» **About this task**
Transcribe, exactly as they appear, only the lines from the one holding "Adrián Moro y" through the end of the entries below.

Data items:
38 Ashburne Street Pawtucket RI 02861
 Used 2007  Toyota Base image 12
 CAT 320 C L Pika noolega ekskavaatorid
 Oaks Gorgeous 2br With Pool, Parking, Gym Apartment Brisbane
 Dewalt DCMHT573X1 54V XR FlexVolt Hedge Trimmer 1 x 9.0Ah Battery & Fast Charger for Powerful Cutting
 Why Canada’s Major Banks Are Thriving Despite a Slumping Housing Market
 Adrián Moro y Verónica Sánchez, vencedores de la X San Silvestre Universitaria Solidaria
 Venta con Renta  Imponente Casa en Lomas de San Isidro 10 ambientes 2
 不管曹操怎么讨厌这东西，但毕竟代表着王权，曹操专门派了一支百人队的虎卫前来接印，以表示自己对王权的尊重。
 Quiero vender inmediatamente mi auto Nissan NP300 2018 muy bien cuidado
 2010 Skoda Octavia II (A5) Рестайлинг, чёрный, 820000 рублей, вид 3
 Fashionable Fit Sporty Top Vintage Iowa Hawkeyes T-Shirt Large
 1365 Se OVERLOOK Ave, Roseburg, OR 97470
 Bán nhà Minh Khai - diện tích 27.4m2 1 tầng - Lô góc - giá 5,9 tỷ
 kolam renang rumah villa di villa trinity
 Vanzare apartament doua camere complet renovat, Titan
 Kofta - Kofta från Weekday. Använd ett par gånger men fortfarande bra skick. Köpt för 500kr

» **Problem solution**
 Adrián Moro y Verónica Sánchez, vencedores de la X San Silvestre Universitaria Solidaria
 Venta con Renta  Imponente Casa en Lomas de San Isidro 10 ambientes 2
 不管曹操怎么讨厌这东西，但毕竟代表着王权，曹操专门派了一支百人队的虎卫前来接印，以表示自己对王权的尊重。
 Quiero vender inmediatamente mi auto Nissan NP300 2018 muy bien cuidado
 2010 Skoda Octavia II (A5) Рестайлинг, чёрный, 820000 рублей, вид 3
 Fashionable Fit Sporty Top Vintage Iowa Hawkeyes T-Shirt Large
 1365 Se OVERLOOK Ave, Roseburg, OR 97470
 Bán nhà Minh Khai - diện tích 27.4m2 1 tầng - Lô góc - giá 5,9 tỷ
 kolam renang rumah villa di villa trinity
 Vanzare apartament doua camere complet renovat, Titan
 Kofta - Kofta från Weekday. Använd ett par gånger men fortfarande bra skick. Köpt för 500kr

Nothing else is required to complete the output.